From the line with "A. các gene" through the line with "F_1 F D. quá", inclusive, return each line of the data below exactly and leave the rest out.

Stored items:
- - -

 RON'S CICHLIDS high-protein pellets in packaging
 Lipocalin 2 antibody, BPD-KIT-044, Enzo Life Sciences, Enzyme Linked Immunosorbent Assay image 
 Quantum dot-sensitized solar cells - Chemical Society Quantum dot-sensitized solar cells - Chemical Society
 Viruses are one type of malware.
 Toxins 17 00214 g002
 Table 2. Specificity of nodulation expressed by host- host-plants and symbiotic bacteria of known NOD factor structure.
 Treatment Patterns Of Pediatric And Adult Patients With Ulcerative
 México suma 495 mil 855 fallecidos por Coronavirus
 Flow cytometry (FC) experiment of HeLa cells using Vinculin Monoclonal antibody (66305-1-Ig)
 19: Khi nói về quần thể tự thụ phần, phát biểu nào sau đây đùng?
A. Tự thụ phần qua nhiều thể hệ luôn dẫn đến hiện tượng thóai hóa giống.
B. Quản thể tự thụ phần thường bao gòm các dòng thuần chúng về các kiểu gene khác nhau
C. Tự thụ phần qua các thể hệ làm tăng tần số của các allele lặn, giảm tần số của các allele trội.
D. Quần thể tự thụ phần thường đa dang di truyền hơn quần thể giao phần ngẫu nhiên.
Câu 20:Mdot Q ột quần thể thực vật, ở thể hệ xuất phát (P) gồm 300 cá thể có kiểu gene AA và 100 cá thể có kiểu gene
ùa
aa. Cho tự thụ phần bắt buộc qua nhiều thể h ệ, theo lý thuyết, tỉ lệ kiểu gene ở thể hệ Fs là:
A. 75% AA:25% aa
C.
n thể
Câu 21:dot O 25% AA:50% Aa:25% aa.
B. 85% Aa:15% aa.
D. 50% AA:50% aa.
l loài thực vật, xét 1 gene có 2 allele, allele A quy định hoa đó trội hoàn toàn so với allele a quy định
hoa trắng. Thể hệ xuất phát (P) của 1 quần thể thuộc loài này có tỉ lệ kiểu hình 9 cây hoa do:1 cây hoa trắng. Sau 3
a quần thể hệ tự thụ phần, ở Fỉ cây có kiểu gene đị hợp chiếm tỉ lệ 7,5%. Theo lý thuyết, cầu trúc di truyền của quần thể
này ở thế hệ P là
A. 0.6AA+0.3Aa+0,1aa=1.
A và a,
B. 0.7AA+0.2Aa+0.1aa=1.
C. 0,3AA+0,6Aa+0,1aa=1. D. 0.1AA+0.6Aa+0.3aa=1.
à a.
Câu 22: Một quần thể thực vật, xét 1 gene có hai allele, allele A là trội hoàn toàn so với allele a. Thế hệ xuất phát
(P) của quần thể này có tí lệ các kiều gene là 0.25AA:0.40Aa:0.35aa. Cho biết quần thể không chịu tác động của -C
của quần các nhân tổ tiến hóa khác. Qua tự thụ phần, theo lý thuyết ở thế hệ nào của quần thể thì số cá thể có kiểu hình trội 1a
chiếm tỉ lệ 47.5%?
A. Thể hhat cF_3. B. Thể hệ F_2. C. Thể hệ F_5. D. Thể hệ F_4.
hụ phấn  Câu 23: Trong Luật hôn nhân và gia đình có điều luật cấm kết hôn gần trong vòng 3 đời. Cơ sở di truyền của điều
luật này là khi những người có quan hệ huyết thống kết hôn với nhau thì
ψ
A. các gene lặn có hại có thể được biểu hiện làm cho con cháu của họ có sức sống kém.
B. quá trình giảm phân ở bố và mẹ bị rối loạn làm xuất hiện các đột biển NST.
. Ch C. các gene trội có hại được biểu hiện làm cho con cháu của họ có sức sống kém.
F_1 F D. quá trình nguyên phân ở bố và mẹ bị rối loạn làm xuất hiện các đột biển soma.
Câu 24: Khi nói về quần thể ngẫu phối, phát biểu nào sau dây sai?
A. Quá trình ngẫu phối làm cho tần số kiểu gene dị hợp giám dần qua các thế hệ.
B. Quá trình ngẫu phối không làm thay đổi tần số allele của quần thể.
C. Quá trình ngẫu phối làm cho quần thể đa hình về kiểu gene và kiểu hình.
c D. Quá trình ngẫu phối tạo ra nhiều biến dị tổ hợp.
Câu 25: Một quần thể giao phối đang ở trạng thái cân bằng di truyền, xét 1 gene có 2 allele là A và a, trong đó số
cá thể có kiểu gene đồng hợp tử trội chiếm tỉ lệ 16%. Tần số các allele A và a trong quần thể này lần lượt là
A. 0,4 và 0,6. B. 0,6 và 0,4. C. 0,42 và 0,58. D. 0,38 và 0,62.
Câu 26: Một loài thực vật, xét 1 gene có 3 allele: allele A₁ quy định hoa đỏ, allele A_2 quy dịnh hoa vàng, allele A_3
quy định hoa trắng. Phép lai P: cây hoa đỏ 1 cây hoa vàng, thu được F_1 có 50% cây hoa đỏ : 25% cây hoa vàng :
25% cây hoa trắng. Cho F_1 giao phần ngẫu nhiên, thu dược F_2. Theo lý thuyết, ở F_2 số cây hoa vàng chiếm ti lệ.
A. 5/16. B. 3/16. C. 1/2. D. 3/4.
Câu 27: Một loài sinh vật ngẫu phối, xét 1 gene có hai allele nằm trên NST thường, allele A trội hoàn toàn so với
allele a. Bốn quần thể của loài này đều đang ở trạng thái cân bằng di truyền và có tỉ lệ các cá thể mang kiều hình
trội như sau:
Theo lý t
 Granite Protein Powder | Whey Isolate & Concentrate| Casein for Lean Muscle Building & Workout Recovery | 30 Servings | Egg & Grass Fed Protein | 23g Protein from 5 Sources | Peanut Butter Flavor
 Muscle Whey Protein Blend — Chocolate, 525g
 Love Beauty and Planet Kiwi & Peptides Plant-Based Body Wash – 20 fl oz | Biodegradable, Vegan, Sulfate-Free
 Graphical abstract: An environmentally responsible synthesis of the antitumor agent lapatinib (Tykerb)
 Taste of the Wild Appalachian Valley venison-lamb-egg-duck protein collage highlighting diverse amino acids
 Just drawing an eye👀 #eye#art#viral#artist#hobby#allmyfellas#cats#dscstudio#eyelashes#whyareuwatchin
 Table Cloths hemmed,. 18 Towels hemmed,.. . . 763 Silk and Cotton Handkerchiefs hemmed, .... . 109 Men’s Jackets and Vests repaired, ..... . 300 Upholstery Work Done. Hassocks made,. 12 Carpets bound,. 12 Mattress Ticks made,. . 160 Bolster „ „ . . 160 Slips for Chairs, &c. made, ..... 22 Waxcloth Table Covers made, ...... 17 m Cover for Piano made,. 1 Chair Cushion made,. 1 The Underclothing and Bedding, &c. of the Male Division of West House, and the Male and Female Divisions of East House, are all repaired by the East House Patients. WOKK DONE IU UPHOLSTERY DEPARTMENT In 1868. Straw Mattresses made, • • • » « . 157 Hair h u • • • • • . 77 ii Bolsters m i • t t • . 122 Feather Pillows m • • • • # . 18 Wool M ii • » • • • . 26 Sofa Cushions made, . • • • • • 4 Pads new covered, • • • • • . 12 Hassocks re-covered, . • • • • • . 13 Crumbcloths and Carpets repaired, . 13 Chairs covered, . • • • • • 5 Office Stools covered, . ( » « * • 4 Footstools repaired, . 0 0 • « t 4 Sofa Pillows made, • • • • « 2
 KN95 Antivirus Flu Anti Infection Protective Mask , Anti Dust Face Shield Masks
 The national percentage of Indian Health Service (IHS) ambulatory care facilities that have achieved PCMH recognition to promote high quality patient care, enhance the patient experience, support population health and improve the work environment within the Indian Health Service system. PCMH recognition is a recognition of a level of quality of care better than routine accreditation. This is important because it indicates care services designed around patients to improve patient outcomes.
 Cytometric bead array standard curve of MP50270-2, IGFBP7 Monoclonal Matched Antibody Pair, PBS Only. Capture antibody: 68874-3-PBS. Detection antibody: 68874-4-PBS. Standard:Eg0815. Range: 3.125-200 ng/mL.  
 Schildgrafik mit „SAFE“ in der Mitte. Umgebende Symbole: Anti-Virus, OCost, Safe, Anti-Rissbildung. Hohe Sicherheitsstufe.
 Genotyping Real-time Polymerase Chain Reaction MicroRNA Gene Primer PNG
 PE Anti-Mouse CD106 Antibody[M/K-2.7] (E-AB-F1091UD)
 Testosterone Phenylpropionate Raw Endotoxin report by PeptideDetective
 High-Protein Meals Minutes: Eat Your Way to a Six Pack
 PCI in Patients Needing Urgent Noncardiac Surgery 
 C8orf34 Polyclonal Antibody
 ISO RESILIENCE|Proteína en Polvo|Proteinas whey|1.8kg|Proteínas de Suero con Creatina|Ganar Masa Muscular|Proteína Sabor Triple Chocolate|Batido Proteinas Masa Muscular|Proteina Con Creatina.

- - -

RESULT
A. các gene lặn có hại có thể được biểu hiện làm cho con cháu của họ có sức sống kém.
B. quá trình giảm phân ở bố và mẹ bị rối loạn làm xuất hiện các đột biển NST.
. Ch C. các gene trội có hại được biểu hiện làm cho con cháu của họ có sức sống kém.
F_1 F D. quá trình nguyên phân ở bố và mẹ bị rối loạn làm xuất hiện các đột biển soma.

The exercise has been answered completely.